Your team should have a plan for new employees to familiarize you with the software. For example there should be an extensive documentation or someone should explain to you how it works. Even more so if it's complicated piece of software.

A lot of us developers are the sort of people who take pride in our problem-solving skills, and so it almost feels unnatural for us to ask for help. You have to train yourself out of that mindset - sometimes, asking for help is in everyone's best interest (and you and your teammates can figure out how to go about help/training in a way that's not disruptive). Over time, you'll pick up on things, and you'll need less and less help. Also, the activity of trying to sort out (what appears to you as) the impenetrable mess of concepts expressed in legacy code is not the kind of problem solving that's at the center of your job description. It's grunt work. You want to get to solving the actual problems that the software was made for; some grunt work will be required to do that, but a little help from the more experienced members of your team can get you there faster. So it's a matter of finding a balance. A bit of struggling to figure things out on your own will lead to developing a deeper understanding of things, but don't go overboard.

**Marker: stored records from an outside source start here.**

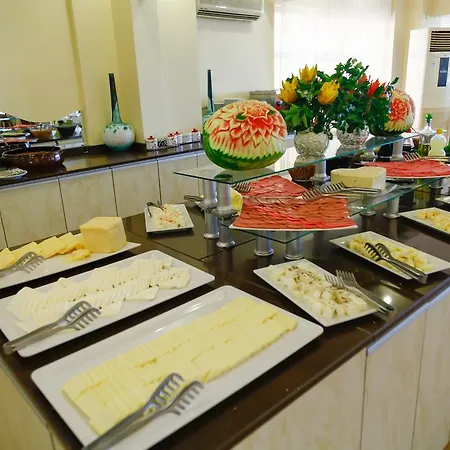 Отель Amphora 3*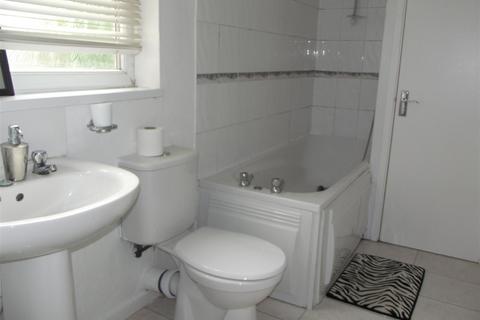 2 bedroom flat to rent, Vickers Street, Nottingham, NG3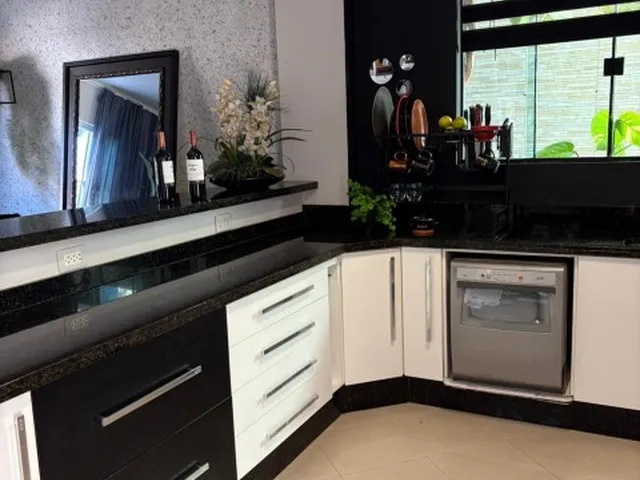 Imagem 12: CASA PARA LOCAÇÃO COM 3 SUITES E PISCINA EM BALNEÁRIO CAMBORIÚ / SC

It's difficult to say what the exact source of the problem is without being there; every organization is different. In any case, because of the fact that you are a new member of the team, and that the codebase is the way that it is, it's a given that you'll be needing some help or training. Your organization should know this. The thing is, you are trying to solve the issue, but you are trying to figure it out while working with limited information and with untested assumptions (i.e., you don't know how your organization may (or may not) be able to help you with your issue, you assume your teammates will feel you are bothering them, etc.). You should ask around first; talk to people about these things. Then you'll know what the options are, who to else to talk to, and so on. Then you'll be in a better position to decide how to act.